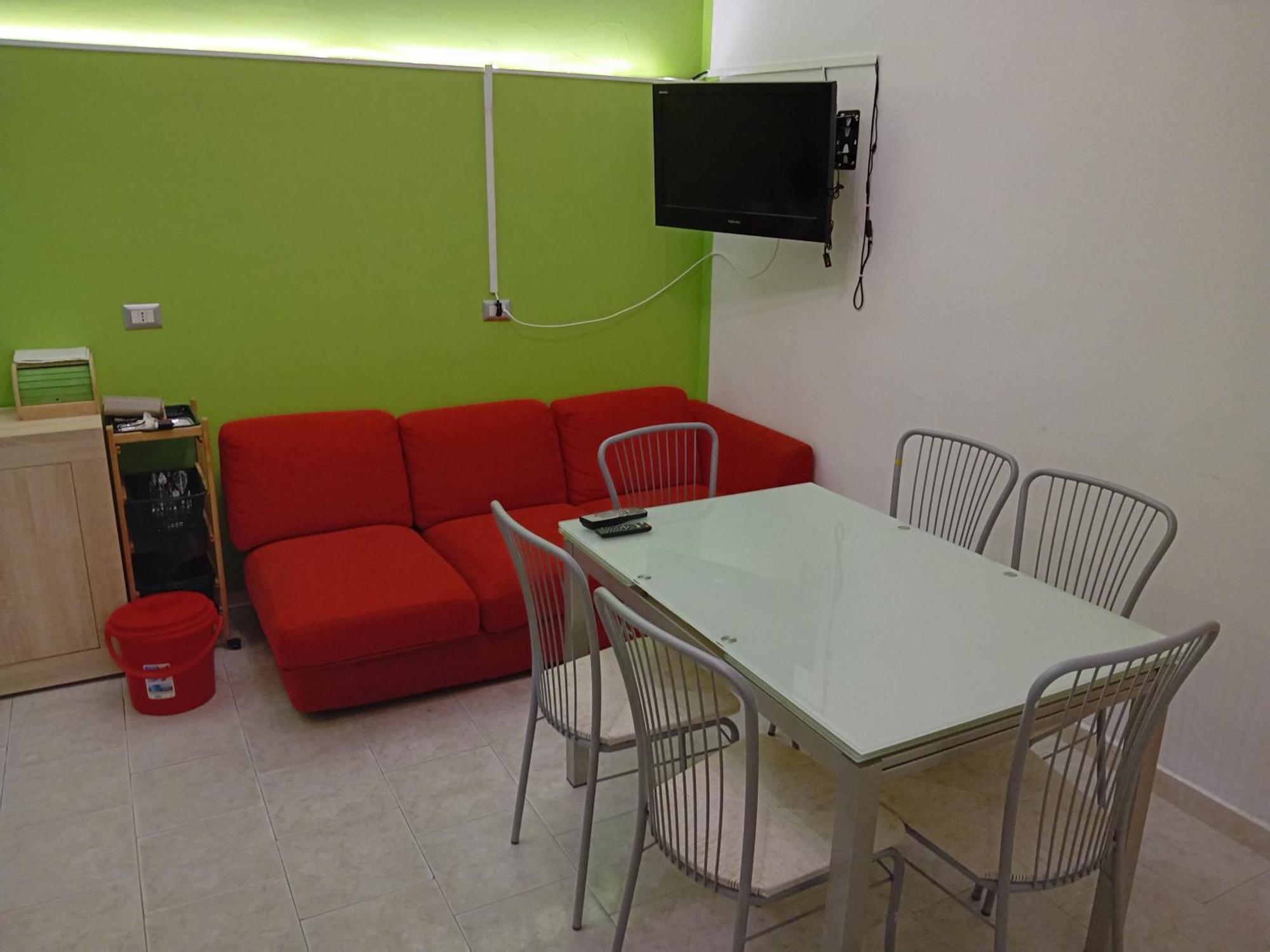 Casa Relax Διαμέρισμα Vibo Valentia Marina Εξωτερικό φωτογραφία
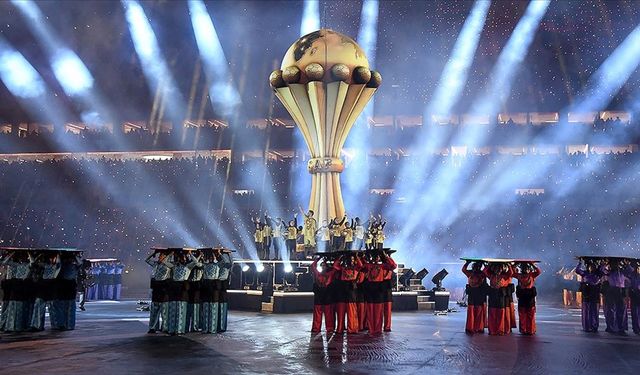 Futboldan daha fazlasına sahne olan Afrika Uluslar Kupası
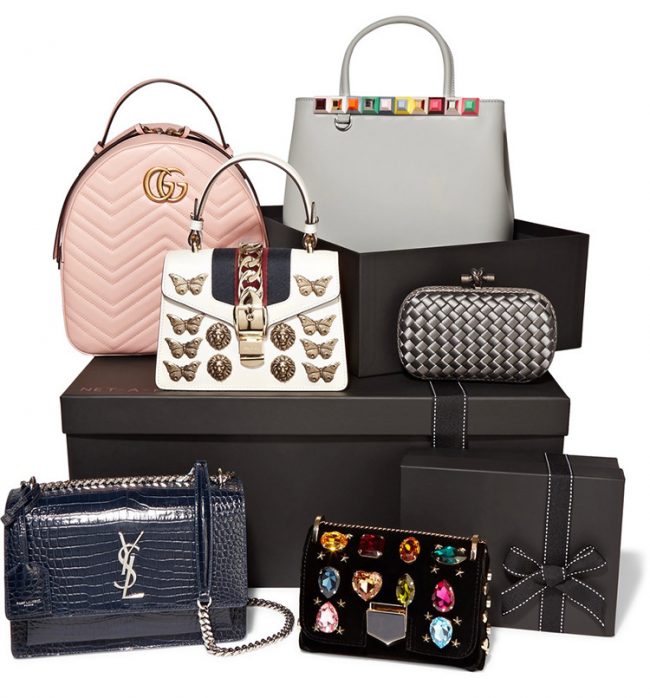 The Blonde & The Brunette’s Luxe Holiday Wishlist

→ PROBLEM REQUIREMENTS: Only the pictures stay out; everything else in the listing above must be repeated exactly.

→ THE ANSWER:
 Casa Relax Διαμέρισμα Vibo Valentia Marina Εξωτερικό φωτογραφία
 Futboldan daha fazlasına sahne olan Afrika Uluslar Kupası
 The Blonde & The Brunette’s Luxe Holiday Wishlist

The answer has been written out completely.